[Exercise objective]:
Quote the whole listing word for word. Do not include the pictures.

[Data excerpt]:
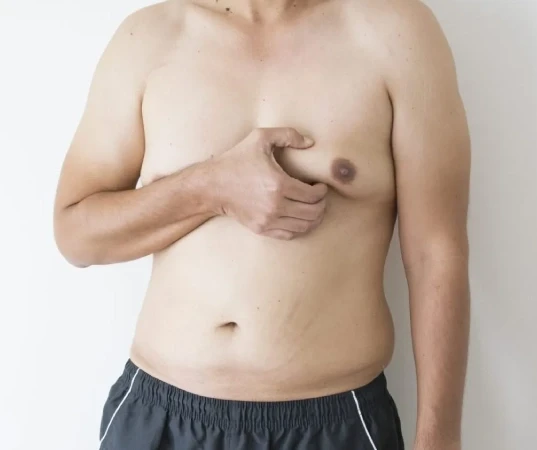 Gynecomastia Surgery in Mumbai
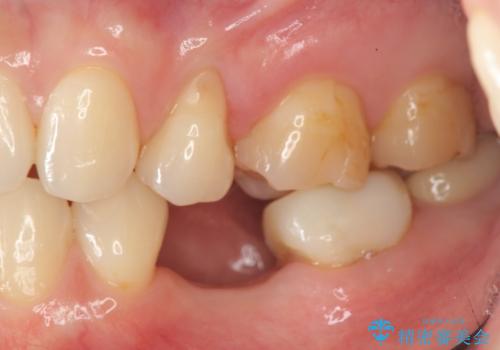 乳歯がぐらついてきた インプラントを用いた機能回復の治療前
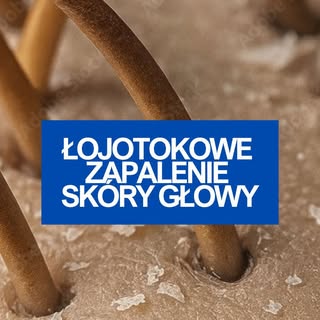 Swędzenie, łuszczenie, zaczerwienienie? To może być łojotokowe zapalenie skóry głowy. To przewlekły 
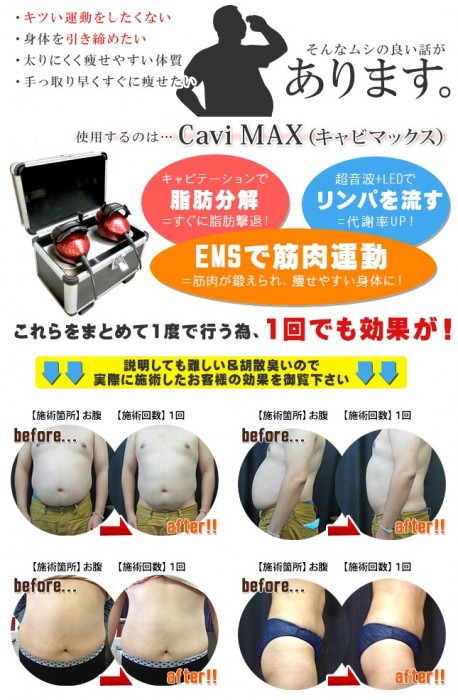 キャビマックス　キャビMAX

[Solution to this exercise]:
 Gynecomastia Surgery in Mumbai
 乳歯がぐらついてきた インプラントを用いた機能回復の治療前
 Swędzenie, łuszczenie, zaczerwienienie? To może być łojotokowe zapalenie skóry głowy. To przewlekły 
 キャビマックス　キャビMAX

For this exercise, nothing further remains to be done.